Совпаденья словаря и манеры таковы, что предположенное все-таки вышлю, чтобы не казалось, что Шмидта и Барьеры записал под влияньем Крысолова. [265]
О Барьерах. Не приходи в унынье. Со страницы, примерно, 58-й станут попадаться вещи поотраднее. Всего хуже середина книги. Начало: серость, север, город, проза, предчувствуемые предпосылки революции (глухо бунтующее предназначенье, взрывающееся каждым движеньем труда, бессознательно мятежничающее в работе, как в пантомиме) – начало, говорю я, еще может быть терпимо. Непозволительно обращенье со словом. Потребуется перемещенье ударенья ради рифмы – пожалуйста: к услугам этой вольности областные отклоненья или приближенье иностранных слов к первоисточникам. Смешенье стилей. Фиакры вместо извощиков и малорусские жмени, оттого что Надя Синякова, которой это посвящено, – из Харькова и так говорит. Куча всякого сору. Страшная техническая беспомощность при внутреннем напряжении, может быть большем, чем в следующих книгах.
Есть много людей, ошибочно считающих эту книжку моею лучшею. Это дичь и ересь, отчасти того же порядка, что и ошибки твоей творческой философии, проскользнувшие в последних письмах.
Прости за смелость, – я это кругом обошел и знаю.
Опечаток больше, чем стихов, потому что жил тогда (в 16 г.) на Урале. Постарался Бобров. Типический грех горячо преданного человека. Т<о> е<сть> правил и выпускал он.
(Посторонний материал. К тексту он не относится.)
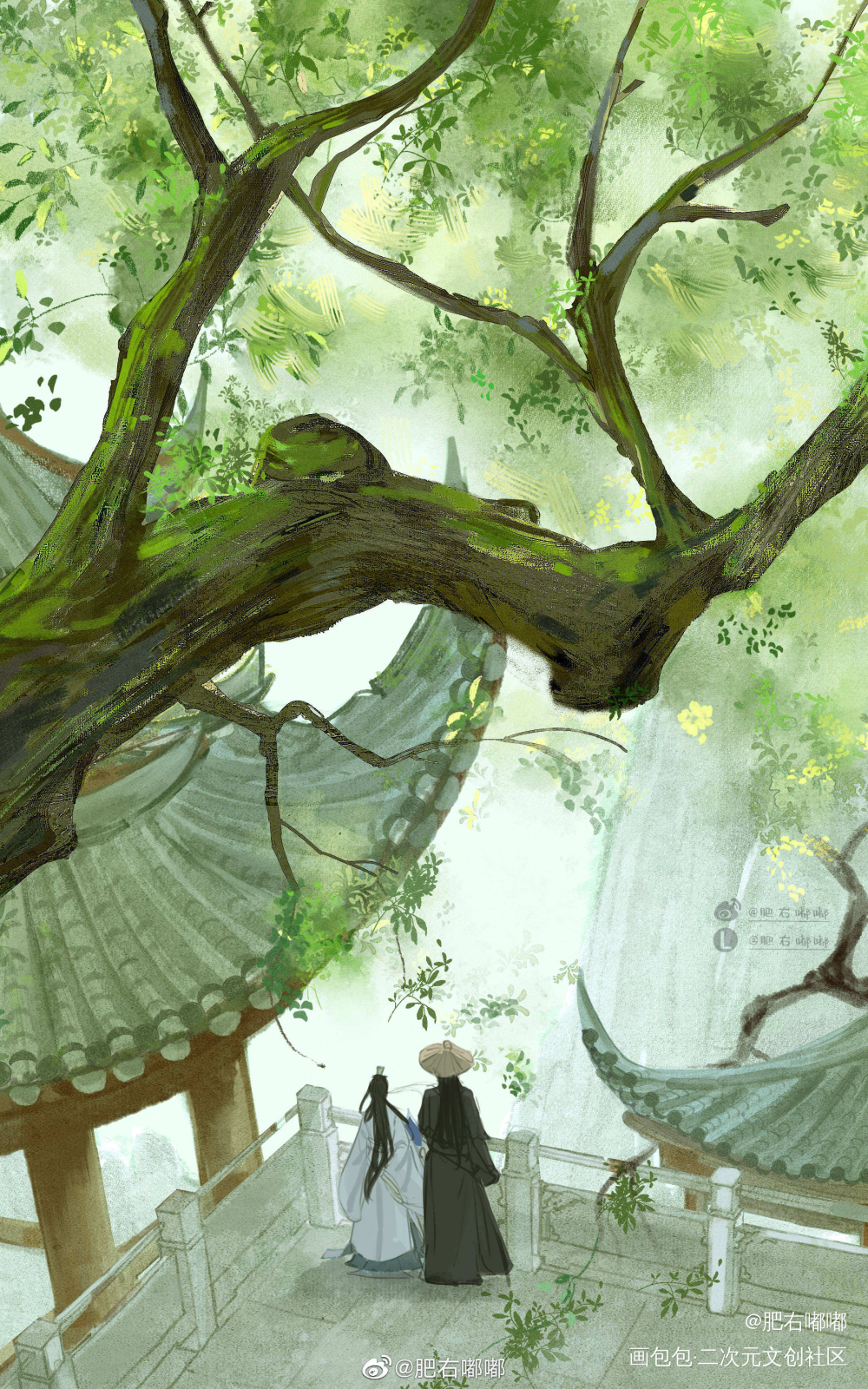 《春三月》_将进酒松玉水墨古风水彩场景绘画作品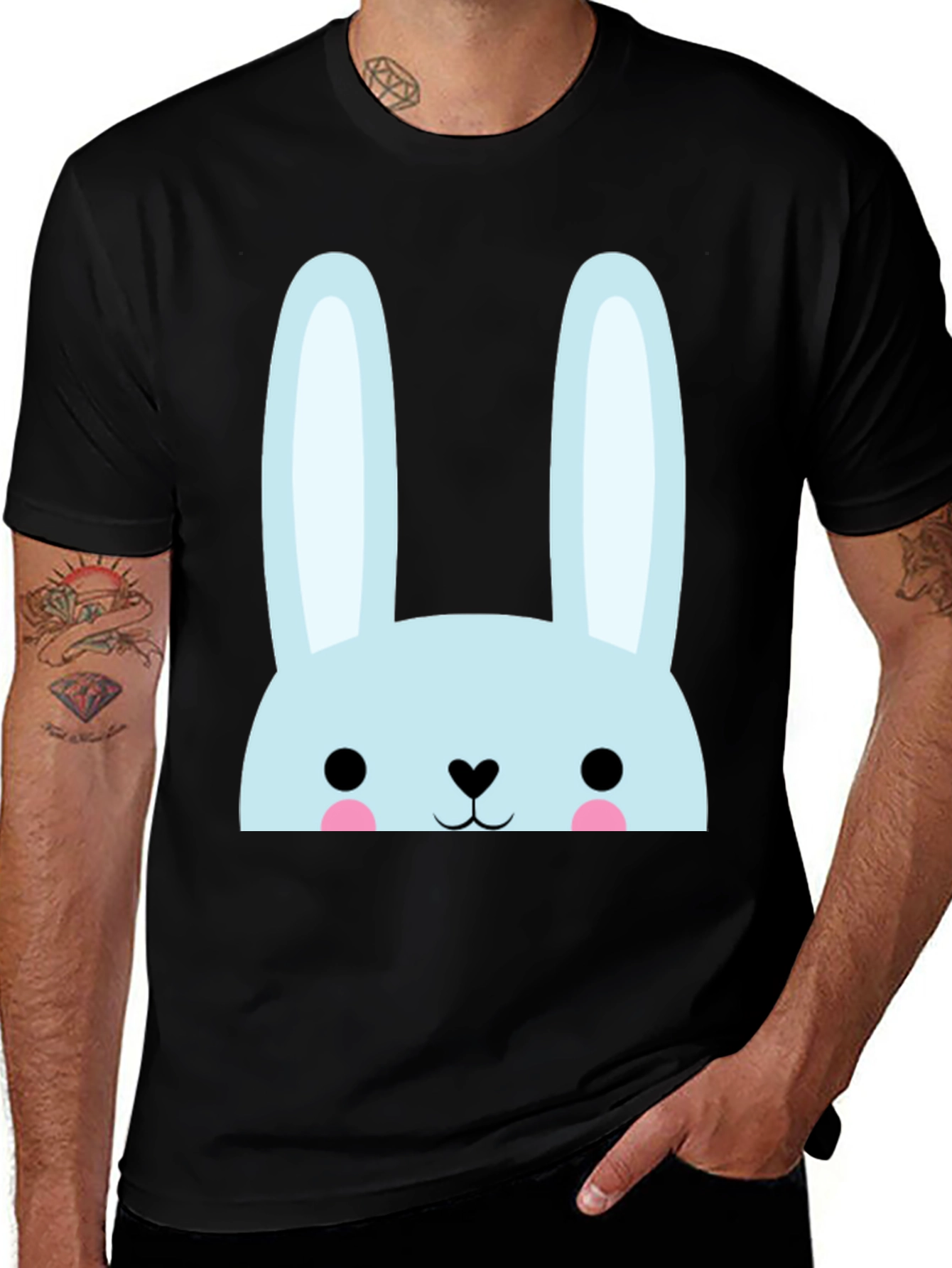 Cute Bunny Graphic Tee - Black Cotton Comfort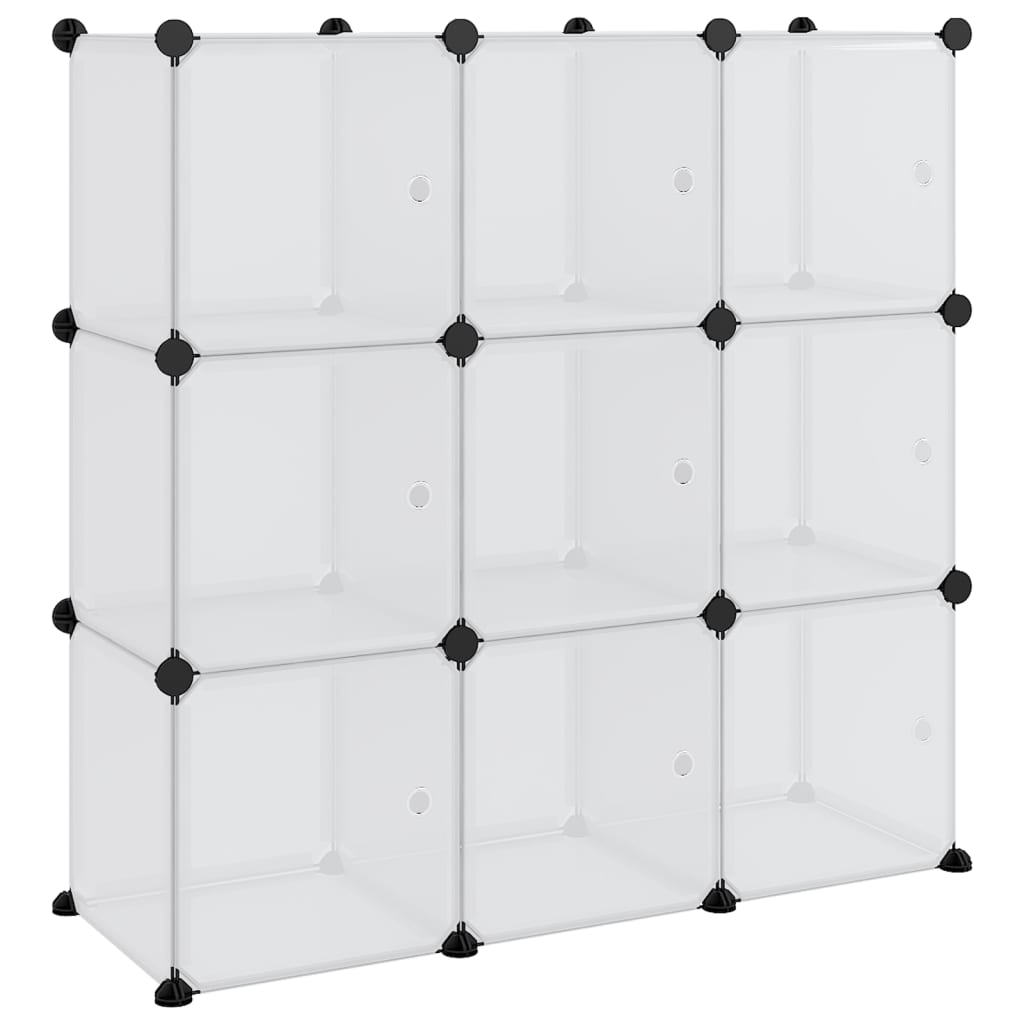 vidaXL estantería de cubos 9 compartimentos y puertas pp transparente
О Шмидте два слова. Нетерпеж послать ( только послать, на почту снесть). Между 7-й и 8-й цифрой пропуск. Будет письмо к сестре (совсем другой человек пишет, нежели автор писем к «предмету»). Очень важная вставка. Почти готово, – но дошлю со 2-й частью, где только и начинается драма (Превращенье человека в героя в деле, в которое он не верит, надлом и гибель). Будь ангелом, сделай милость, не пиши о вещах, пока я подробно в Крысолове не отчитаюсь. Будь другом, все равно, понравится ли, нет ли, пока молчи. Зачем остальная дребедень, объяснил уже раньше.